It is hard to believe that from such devastation could come a place of such sweeping beauty, the new National Arboretum Canberra.

Walter Burley Griffin, the designer of this city always envised an Aboretum in the planning of Canberra. However, by the time Griffin arrived in Australia in 1914 Thomas Charles Weston had been appointed as afforestation officer, and he and Griffin differed on tree species selection and planting priorities. Later, Griffin, faced with continual opposition from bureaucrats, resigned from his government position in December 1920.

However, Arboreta, as part of Griffin’s design was gradually developed, beginning with the early plantings at Westbourne Woods and Weston Park. In the mid 1950s a substantial arboretum at the western end of the lake was established, and in 2001 was named Lindsay Pryor National Arboretum. However, the 2003 bushfires stripped the neighbouring hills of pine plantations and, the ACT government, took this opportunity to develop what has become the National Arboretum Canberra. This was a centenary gift to the city by the ACT government. We now have an Arboretum from the lake to the hills, with urban forests, woodlands, open grassland and formal parks.

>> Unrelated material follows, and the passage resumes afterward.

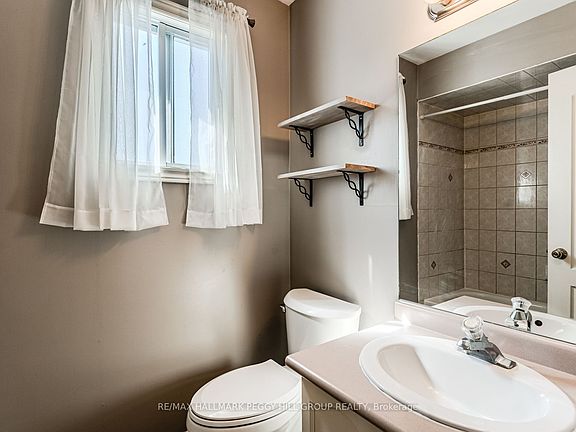 5th image of 239 Simcoe St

More than 48 000 trees have been planted in the 100 forests on the 250 hectare site, many rare and endangered. The Arboretum was offically opened in 2013…10 years after the bushfires. Now we have a mosiac of fledgling forests, a venue for outdoor performances, an education and research centre..not to mention an amazing playground. In the words of Katy Gallagher, the chief minister officially opening the Arboretum..

this site has emerged from the ashes of the catastrophic bushfires to be transformed into a place of beauty, tranquility, recreation, research and learning.”